In the decimal system, a square of an integer may only end in 0, 1, 4, 5, 6, or 9, whereas twice a square may only end with 0,2,8. So if $a^2=2b^2$, both $a$ and $b$ must end with 0.

This triggers an infinite descent which proves that this is impossible, and so $a^2=2b^2$ has no solutions in [positive] integers, hence 2 is never the square of a rational.

That’s quite lovely! It’s even quicker if you work base 3 rather than base 10:

  • In the ternary system, a square of an integer may only end in 0 or 1, and twice a square may only end in 0 or 2. So, if $a^2 = 2b^2$, both $a$ and $b$ must end with 0.
  • This triggers an infinite descent which proves that this is impossible, and so $a^2=2b^2$ has no solutions in positive integers, hence 2 is never the square of a rational.

(As I write this up, I notice that it also works in base 2! Continual refinement. Lovely stuff.)

However! Those proofs all feel morally the same. I have a couple of other proofs I like.

(1) Factors

The first is based on the fundamental theorem of arithmetic: every positive integer can be written in exactly one way as $\br{2^{k_2}} \br{3^{k_3}} \br{5^{k_5}} \br{7^{k_7}}\dots$, where the bases are the prime numbers and the exponents are non-negative integers. ((Removing the last restriction gives you the positive rationals, but we’re not doing that today.))

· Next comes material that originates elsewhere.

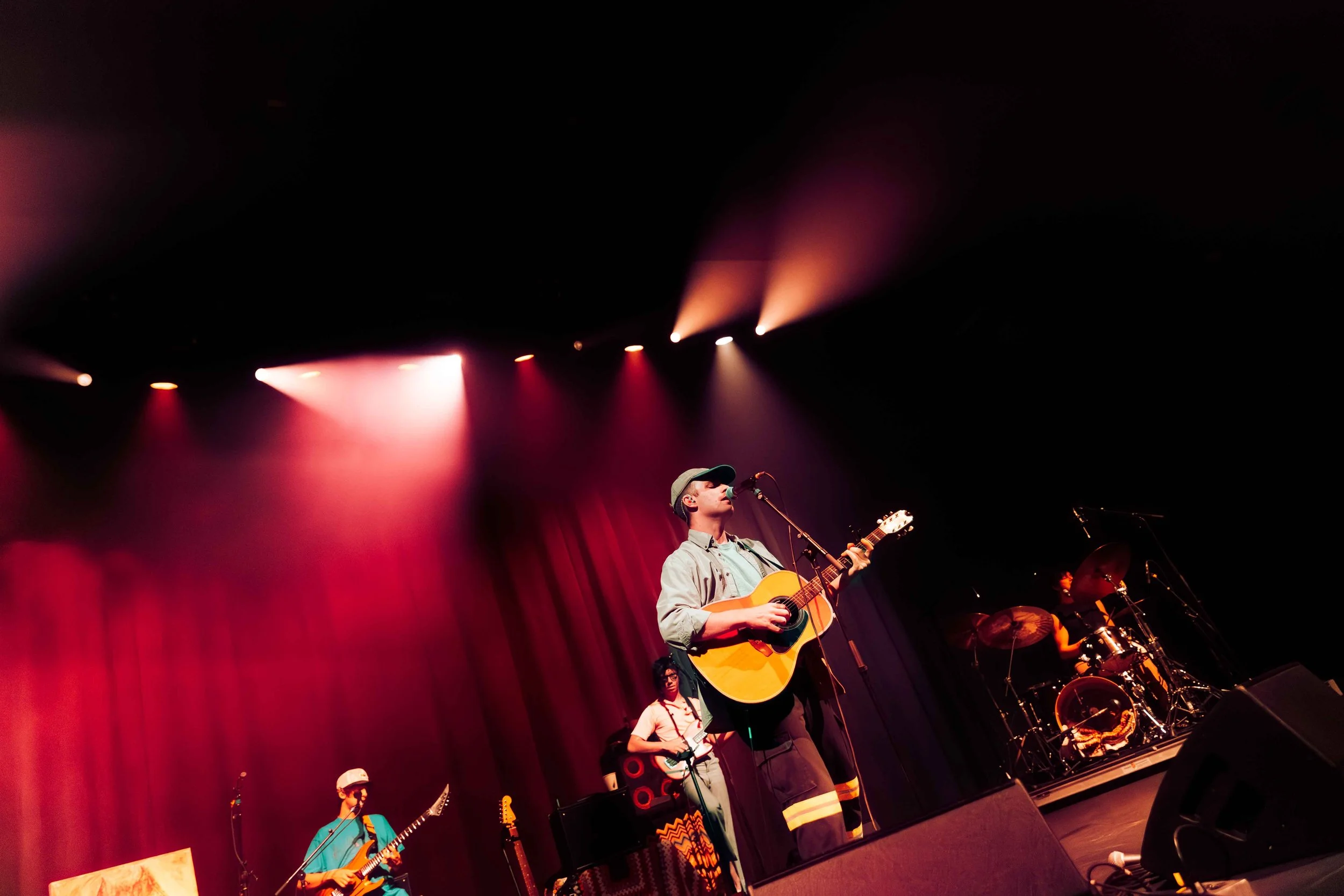 AHertel_MacDeMarco_05_26_15.jpg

For a square number, $p^2$, all of the $k_p$s must be even.

But for $2p^2$, $k_2$ is odd, so $2p^2$ is not a square.

(2) Continued fractions

(This is not obviously based on continued fractions, but it’s where I got the idea. It is not a new proof – but rediscovering things is one of the joys of maths.)

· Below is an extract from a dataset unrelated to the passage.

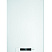 Газовый настенный двухконтурный котёл Protherm Lynx 28  "Рысь"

  • Suppose $\sqrt{2} = \frac{p}{q}$ with the fraction in lowest form. Since $1 < \sqrt{2} < 2$, $q < p < 2q$.
  • Consider $\frac{2q - p}{p-q} = \frac{2q - q\sqrt{2}}{q\sqrt{2}-q}$
  • $\dots = \frac{2-\sqrt{2}}{\sqrt{2}-1} = \sqrt{2}$
  • But $2q - p < p$ (because $p>q$) and $q-p < q$, contradicting the assumption that the fraction is in lowest form.

When I tweeted this, I was sent proofs without words by @hartkp and @daveinstpaul, the tidier of which I include here:

Do you have any other favourite irrationality-of-$\sqrt{2}$ proofs? I’d love to hear about them!

@hartkp has obliged with the following (I paraphrase):

Suppose $m$ is the smallest positive integer such that $m\sqrt{2}$ is an integer. Consider $n = m\sqrt{2}-m$. By supposition, this is a positive integer, and smaller than $m$ because $1 <\sqrt{2}<2$. However, $n\sqrt{2} = 2m - m\sqrt{2}$, which (again by supposition) is a positive integer. This contradicts our supposition, which must therefore be false.

  • Edited 2022-07-25 to add @hartkp’s proof and correct a twitter handle.